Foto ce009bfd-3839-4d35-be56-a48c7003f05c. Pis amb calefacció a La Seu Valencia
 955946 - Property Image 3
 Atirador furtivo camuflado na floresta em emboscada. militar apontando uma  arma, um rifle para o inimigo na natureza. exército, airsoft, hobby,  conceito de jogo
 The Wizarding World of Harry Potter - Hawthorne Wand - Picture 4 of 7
• • • • •
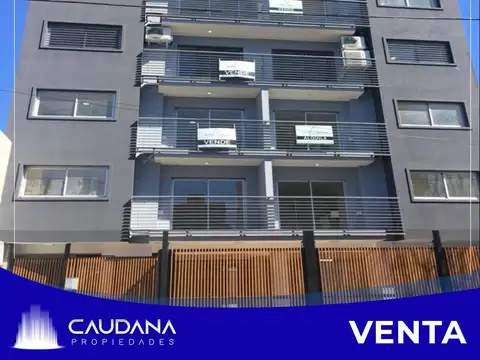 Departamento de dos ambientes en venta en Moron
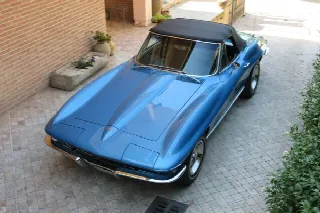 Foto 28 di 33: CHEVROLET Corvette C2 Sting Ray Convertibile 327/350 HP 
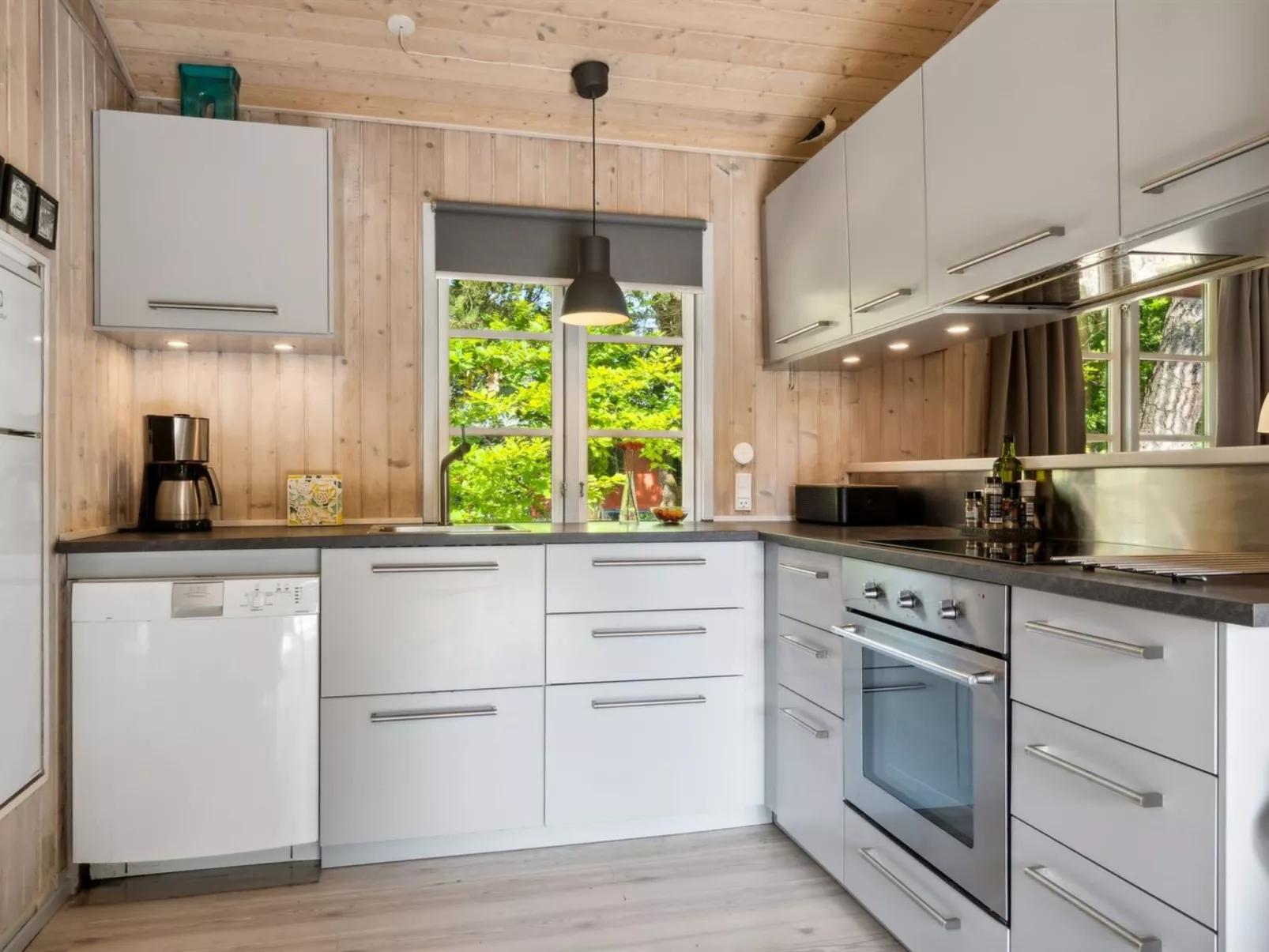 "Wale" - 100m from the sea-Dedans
• • • • •
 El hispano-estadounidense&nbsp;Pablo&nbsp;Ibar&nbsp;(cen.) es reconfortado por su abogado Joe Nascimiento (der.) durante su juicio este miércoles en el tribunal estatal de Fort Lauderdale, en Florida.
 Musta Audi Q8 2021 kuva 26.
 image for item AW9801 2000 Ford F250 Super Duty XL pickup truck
• • • • •
EXERCISE INSTRUCTIONS:
Print, from the entries above, the line with "Foto ce009bfd-3839-4d35-be56-a48c7003f05c. Pis", the line with "The Wizarding World" and all lines between them, exactly and with nothing else.

ANSWER:
Foto ce009bfd-3839-4d35-be56-a48c7003f05c. Pis amb calefacció a La Seu Valencia
 955946 - Property Image 3
 Atirador furtivo camuflado na floresta em emboscada. militar apontando uma  arma, um rifle para o inimigo na natureza. exército, airsoft, hobby,  conceito de jogo
 The Wizarding World of Harry Potter - Hawthorne Wand - Picture 4 of 7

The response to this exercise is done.